4 Creating distance sampling simulations using DSsim

If you prefer to perform simulations using Distance 7.1, please skip ahead to the section Running distance sampling simulations using Distance 7.1.

4.1 Aim

The aim of this exercise is to run simulations which will allow you to compare three different survey designs for a specific population. You should judge these designs on their accuracy and precision.

You will also need the following R packages installed on your machine: DSsim, shapefiles, splancs and mrds. Now examine the other files and folders in the “DSsim Exercise” folder. There are three files starting with the name “Region” and ending with .dbf, .shp and .shx, these files make up the shapefile for the survey region. The “density.surface.robj” file is the density surface for the survey region. The “Survey Transects” folder contains a folder for each of the designs you are asked to look at, these contain the transect shapefiles. The “Results” folder contains the results from 999 replications as this can take a good few hours to run. To setup the workspace first load the packages DSsim and shapefiles, loading these two will automatically make splancs and mrds available.

library(DSsim)
library(shapefiles)

4.2 Create a region object

Read the Region shapefile into R using the read.shapefile() function from the shapefiles package.

region.shapefile <- read.shapefile("Region")

Next you are going to create the region object using this shapefile. As there are no strata you only need to provide a name for your survey region and the units which are in metres (m). The survey region is displayed in Figure 4.1.

region <- make.region(region.name = "Survey Region", units = "m", 
                      shapefile = region.shapefile)
plot(region, plot.units = "km")
Study region for simulation

Figure 4.1: Study region for simulation

4.3 Create a density object

You are now going to create a density object within this region. For the purposes of this exercise a density surface has already been created and can be loaded as follows:

load("density.surface.robj")

You will see that an object called density.surface has appeared in the workspace. This object is a list with one element (if the region had been divided up into strata then this list would contain an element for each strata). To have a look at what the density surface data look like type head(density.surface[[1]]). You can see that it is a data set of x and y locations and the densities at each point.

To create the density object you will need to provide the density surface, the region object for which it was created and the grid spacing that was used. I used a grid spacing of 1000m in both the x and y directions to create this density surface. The density surface describing animal distribution is shown in Figure 4.2.

pop.density <- make.density(region = region, density.surface = density.surface, 
                            x.space = 1000, y.space = 1000) 
plot(pop.density, plot.units = "km")
plot(region, add = TRUE)
Study region with animal density superimposed
Note lower density near the trail system

Figure 4.2: Study region with animal density superimposed Note lower density near the trail system

Optionally, the following code can be used to define your own density surface. Firstly the density object is created with a constant value, then high and low spots can be added with varying radii of influence. The sigma parameter is used to calculate a Gaussian decay around the central point.

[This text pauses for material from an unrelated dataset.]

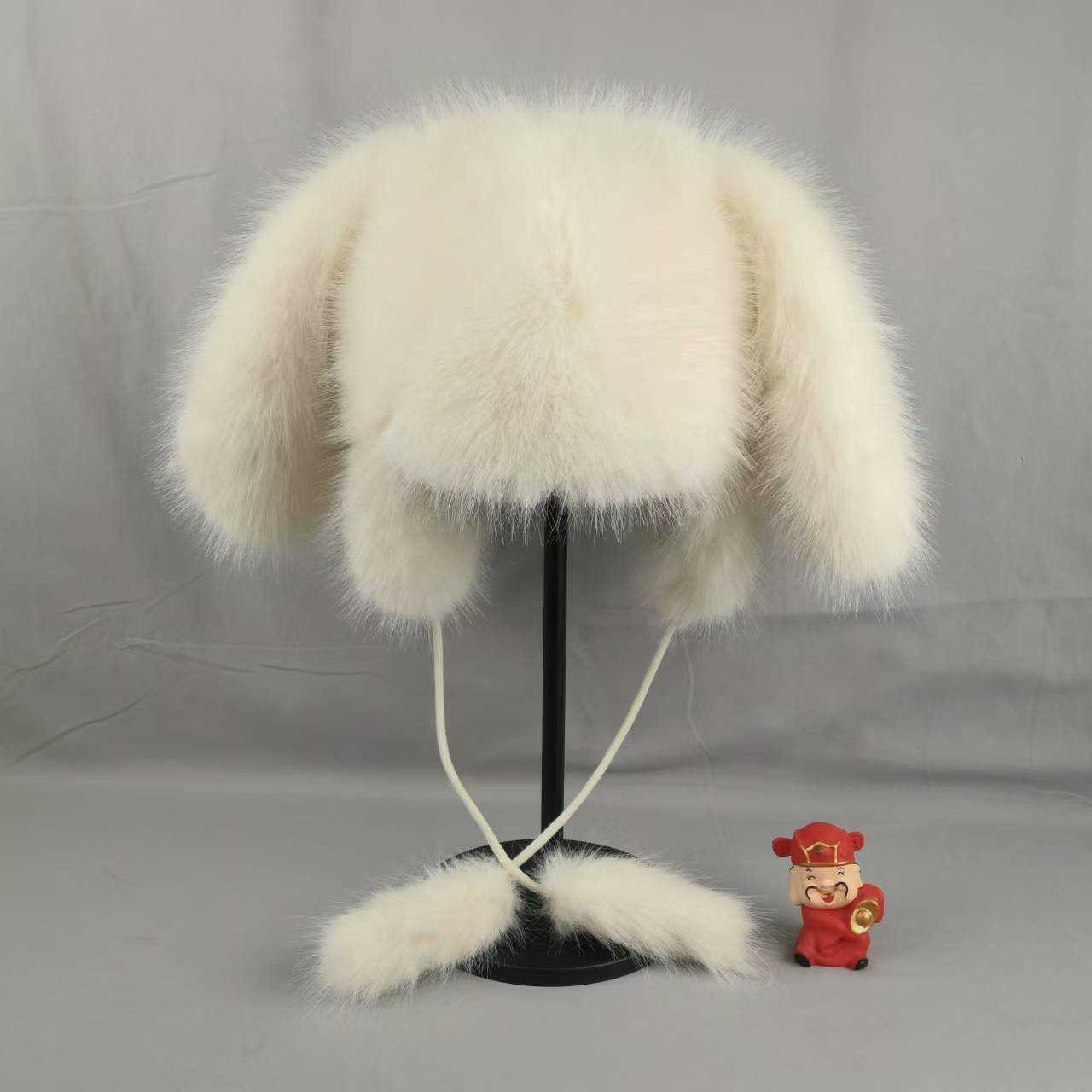 New Cute Rabbit Ear Hat for Women Winter Faux Fox Fur Warm Coldproof Ear Protection Hat Feng Hat H251020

alternative.density <- make.density(region = region, x.space = 1000, 
                                    y.space = 1000, constant = 0.4e-7)

alternative.density <- add.hotspot(alternative.density, centre = c(-2500, 2224000), 
                                   sigma = 10000, amplitude = 0.1e-7)
alternative.density <- add.hotspot(alternative.density, centre = c(0, 2184000), 
                                   sigma = 18000, amplitude = -0.5e-8)

4.4 Creating population description and detectability objects

For this exercise we will fix the population size at 1500 individuals. To do this set N = 1500 and tell it to generate exactly this number of individuals (fixed.N = TRUE).

pop.description <- make.population.description(region.obj = region, 
                                               density.obj = pop.density, 
                                               N = 1500, fixed.N = TRUE)

We will now describe the detectability of the population using a half-normal function with a sigma (scale.param) of 500m and a truncation distance of 1000m. This means that around 2/3 of the detections will be made within 500m of the transect and we will exclude anything sighted further than 1000m perpendicular distance from the transect.

detect <- make.detectability(key.function = "hn", scale.param = 500, truncation = 1000)

4.5 Creating the survey design object

We will now create a design object. For now concentrate on the subjective design, we will come back to the parallel and zigzag designs later. The subjective design was based on using some existing paths to make the survey easier to carry out. Additional transects were then added to achieve a more even coverage of the survey region.

NOTE: The path argument to describe where the files are located must match your previous settings add “/Survey Transects/Subjective Design”.

subjective.design <- make.design(transect.type = "Line", 
                                 design.details = c("user specified"), 
                                 region = region, 
                                 plus.sampling = FALSE, 
                                 path = "Survey Transects/Subjective Design")

4.6 Creating the analyses object

The final thing we need to do before creating the simulation object is describe the analyses we wish to carry out on the simulated data. Let’s try letting it choose between a half-normal and a hazard rate model based on the AIC values.

ddf.analyses <- make.ddf.analysis.list(
                dsmodel = list(~cds(key = "hn", formula = ~1), #half-normal model
                               ~cds(key = "hr", formula = ~1)),  #hazard rate model
                method = "ds", criteria = "AIC", truncation = 1000)

4.7 Creating the simulation object

We can finally put it all together and have a look at some example populations, transects and survey data. I suggest you set the number of repetitions (reps) to be fairly low or else it will take a long time to run. For the subjective design you need to specify that it will be using the same set of transects each time, single.transect.set = TRUE.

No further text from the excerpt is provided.